_Records shown_.
....
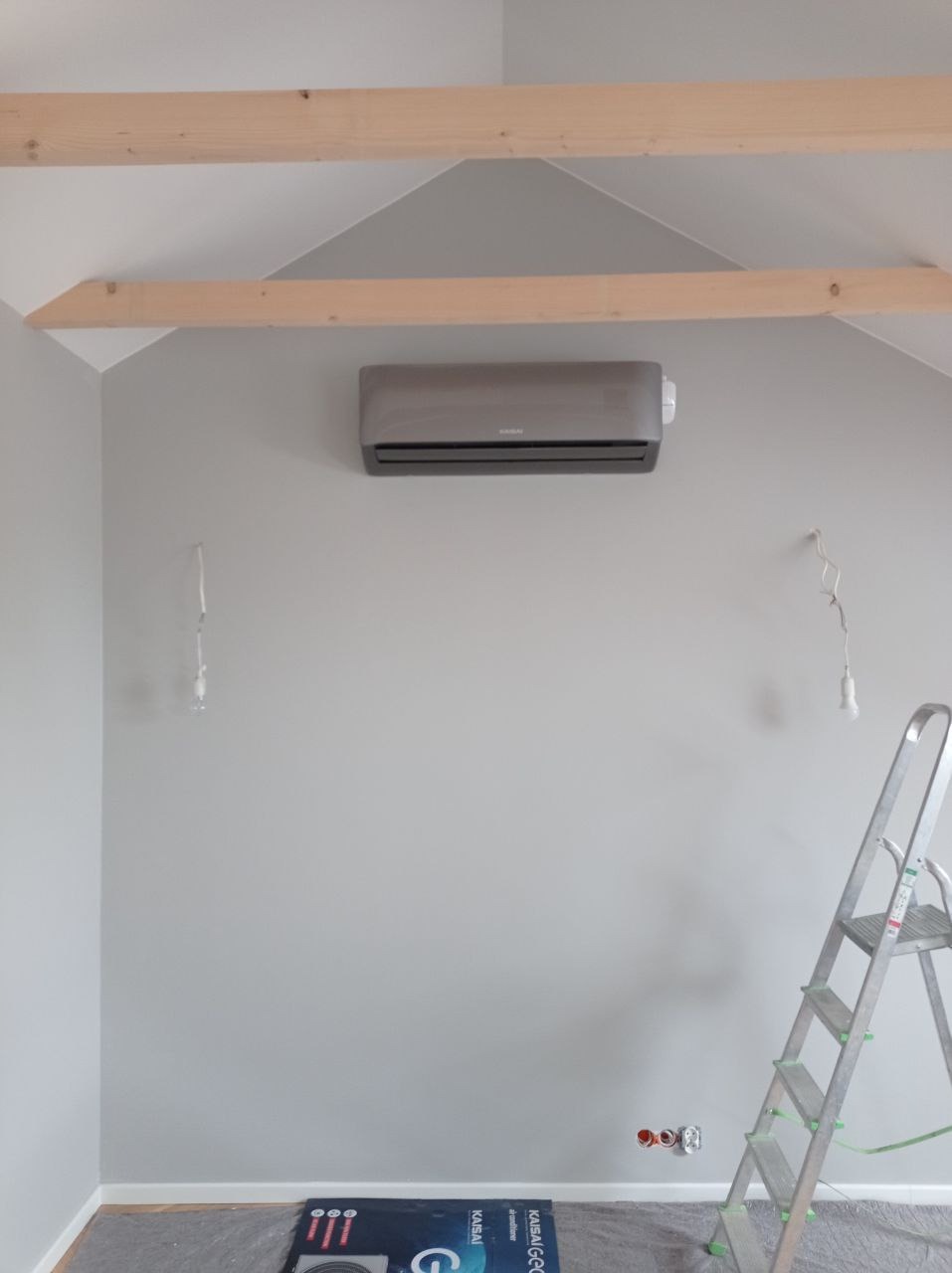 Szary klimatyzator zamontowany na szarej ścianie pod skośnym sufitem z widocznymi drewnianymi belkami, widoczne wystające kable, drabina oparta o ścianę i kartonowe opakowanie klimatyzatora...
....
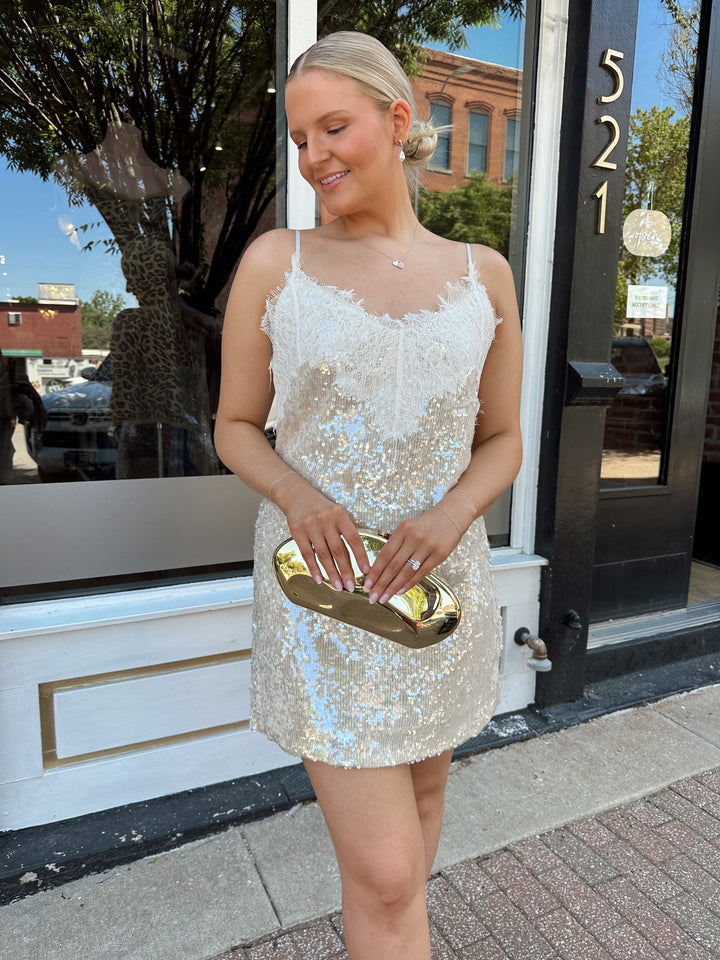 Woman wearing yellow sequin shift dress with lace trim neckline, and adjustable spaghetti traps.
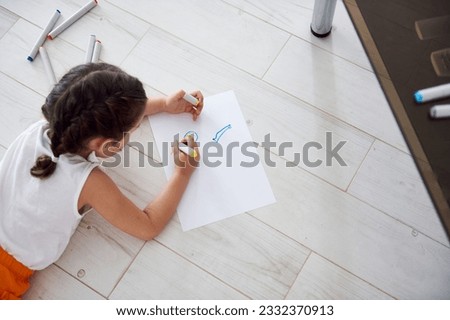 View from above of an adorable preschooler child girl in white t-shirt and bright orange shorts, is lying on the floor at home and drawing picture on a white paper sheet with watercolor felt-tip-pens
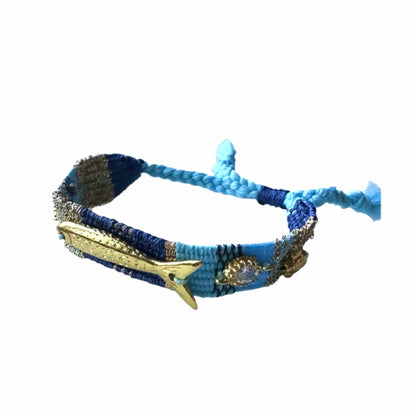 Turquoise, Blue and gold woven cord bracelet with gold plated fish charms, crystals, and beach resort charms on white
....
_Required work_. From the line with "View from above" up to and including the line with "Turquoise, Blue and" above, retype every line exactly and nothing more; leave out the pictures.

_Written solution_.
 View from above of an adorable preschooler child girl in white t-shirt and bright orange shorts, is lying on the floor at home and drawing picture on a white paper sheet with watercolor felt-tip-pens
 Turquoise, Blue and gold woven cord bracelet with gold plated fish charms, crystals, and beach resort charms on white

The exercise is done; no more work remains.